▶ THE TASK: Leave the pictures behind and reproduce every line of the listing exactly.

▶ INPUT RECORDS:
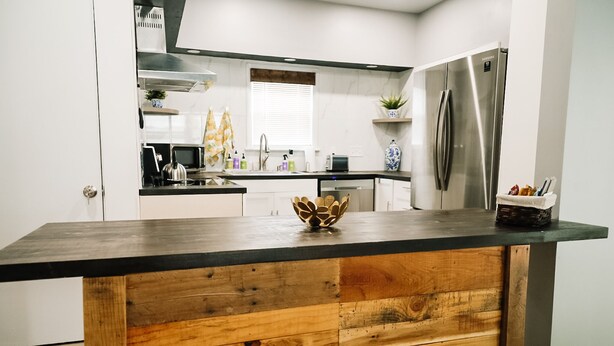Une cuisine moderne avec un îlot central en bois, des appareils électroménagers en acier inoxydable et des meubles de rangement blancs.
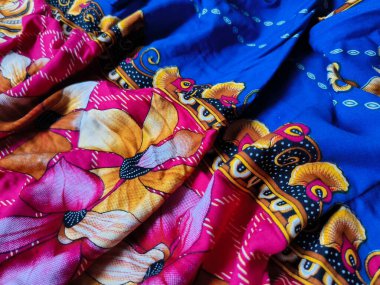 Batik kumaşın arka planı ve deseni baskın mavi ve kırmızı renklerle çiçekleri betimler.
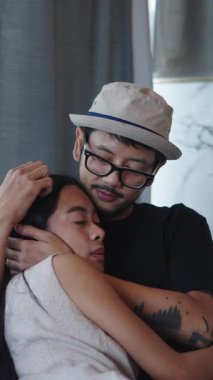 Genç Asyalı romantik çift evlerindeki kanepede birbirine sokulmuş dövmeli FullHD dikey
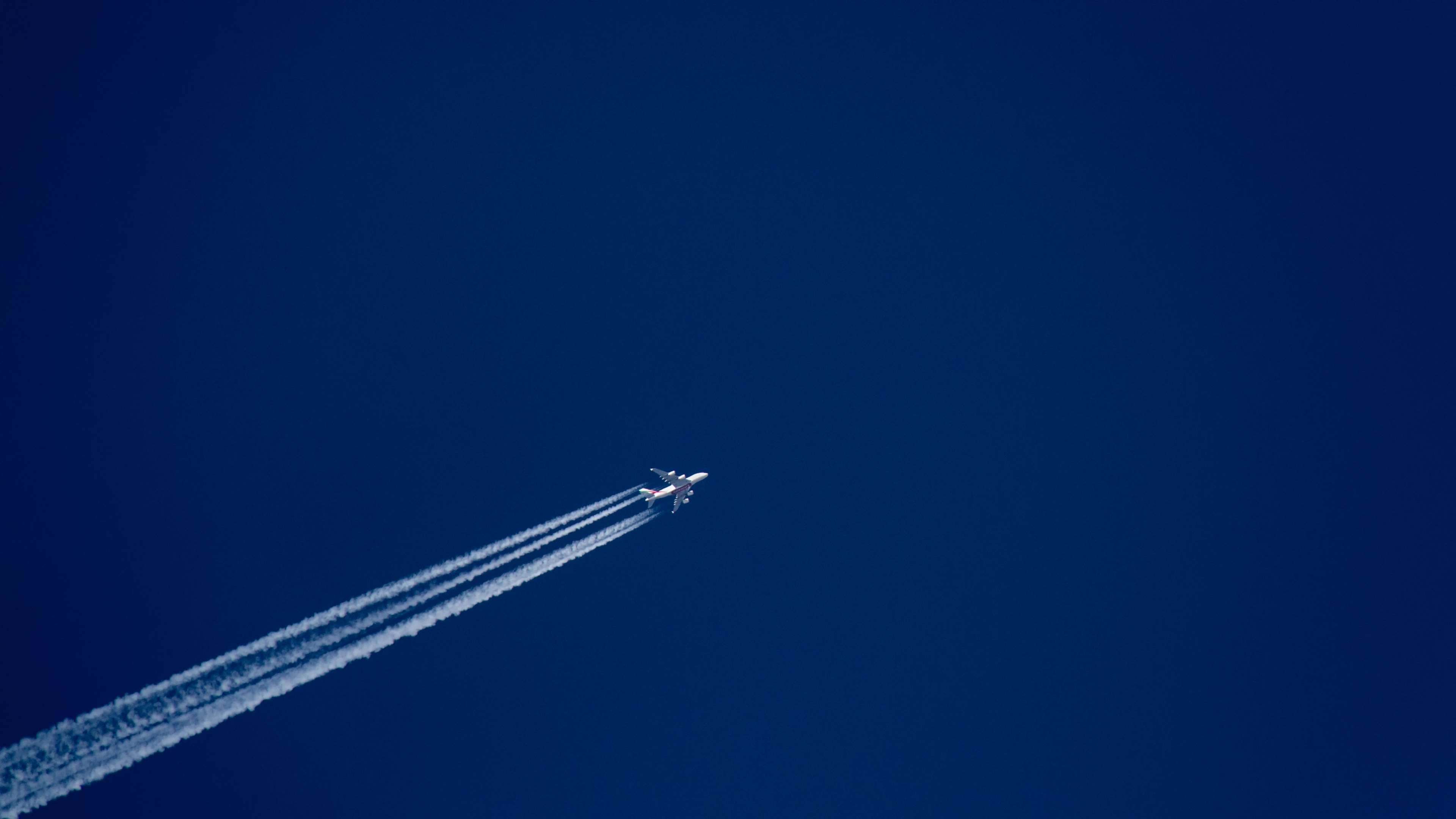 Airplane flying in a clear blue sky with contrails HD Wallpaper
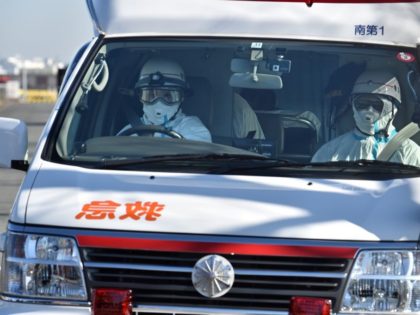 TOPSHOT - An ambulance departs the Japan Coast Guard base in Yokohama on February 5, 2020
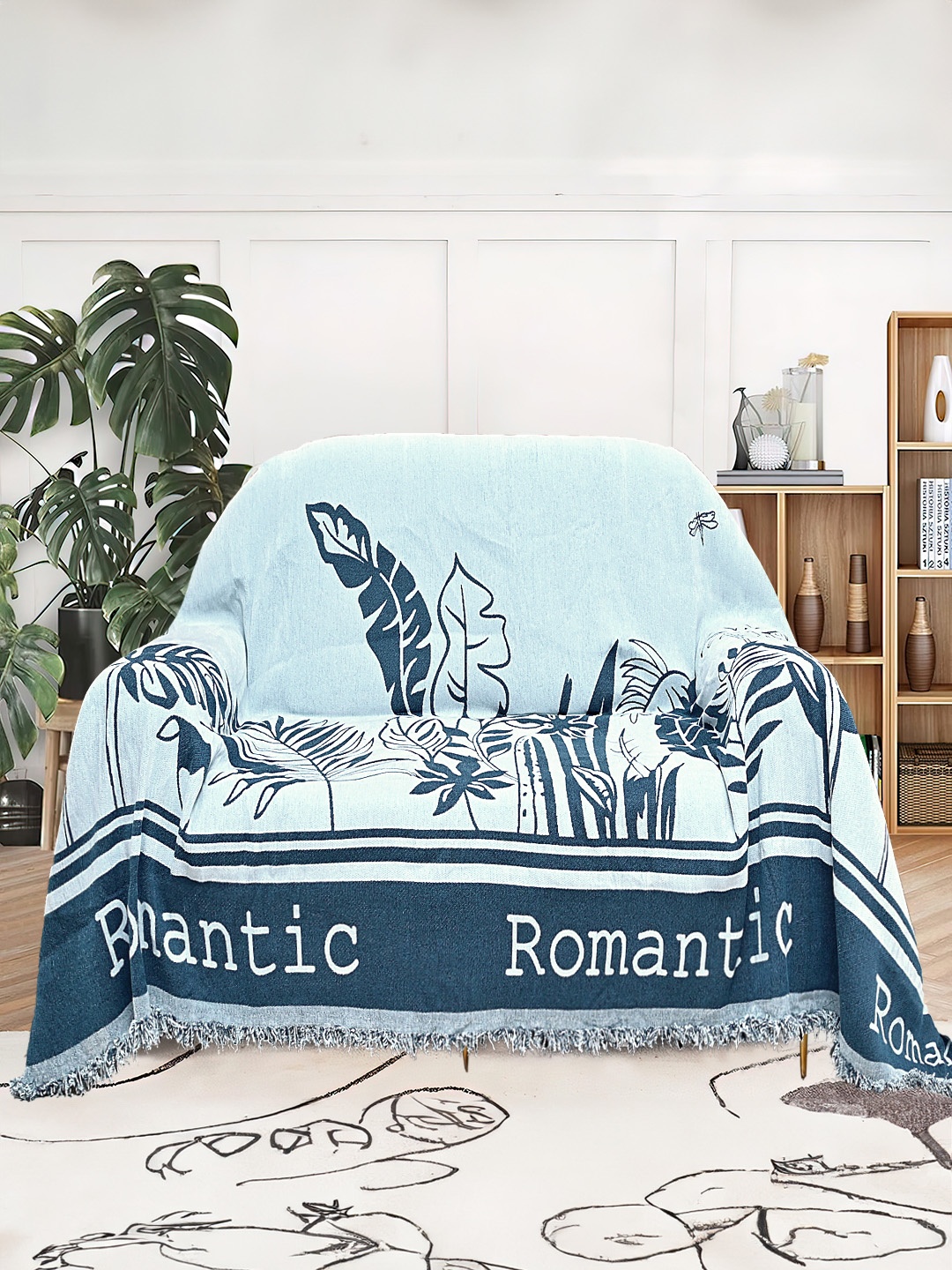 

Cortina Blue & White Printed Reversible Sofa Cover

▶ EXERCISE RESPONSE:
Une cuisine moderne avec un îlot central en bois, des appareils électroménagers en acier inoxydable et des meubles de rangement blancs.
 Batik kumaşın arka planı ve deseni baskın mavi ve kırmızı renklerle çiçekleri betimler.
 Genç Asyalı romantik çift evlerindeki kanepede birbirine sokulmuş dövmeli FullHD dikey
 Airplane flying in a clear blue sky with contrails HD Wallpaper
 TOPSHOT - An ambulance departs the Japan Coast Guard base in Yokohama on February 5, 2020

Cortina Blue & White Printed Reversible Sofa Cover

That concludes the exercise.